Suddenly he was staring at Jimmy Dean, who had just walked back through the trees from the coulee, where he had tied up the boy with the boy’s T-shirt and belt.

“You done it now,” Jimmy Dean said.

“No, she ain’t seen nothing,” Tee Bobby said, pulling his cap back over his face.

“We’ll talk about that in a minute. But right now it’s show time,” Jimmy Dean said, and unzipped his pants, the tails of his scarf fluttering on his neck. “You up for it or not?”

“I ain’t signed on for this.”

“She dissed you ’cause you black.”

“Don’t do it, Jimmy Dean.”

“You’re hopeless, man. Go back to the car ’cause that’s where you left your brains at.”

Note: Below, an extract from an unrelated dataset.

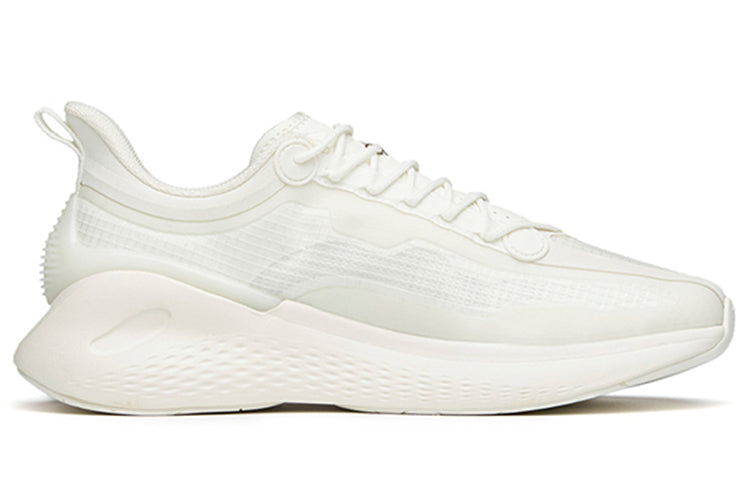 ANTA Windbreak 'White' 912135510-1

Tee Bobby walked away, out of the shade into the sunlight and the dust devils spinning out of the canefield. The wind tasted like salt, like stagnant water and diesel fumes from the state highway and a dead animal in the bottom of a dry coulee. He heard Amanda cry out, then Jimmy Dean’s labored breathing inside the trees, followed by a grinding noise that built in Jimmy Dean’s throat and burst suddenly from his mouth as though he had passed a kidney stone.

It was quiet inside the gum trees now, but Tee Bobby stood in front of his gas-guzzler, looking at Rosebud in the backseat, both of his palms pressed against his ears, knowing it was not over, that the worst moment still waited for him.

The shotgun’s report was muffled, not as loud as he thought it would be, but maybe that was because he had pressed his hands so tightly against his ears. Or maybe something had gone wrong and the gun had misfired, he told himself.

He turned and saw Jimmy Dean walk out of the trees, the shotgun smoking, blood splattered on his shirt.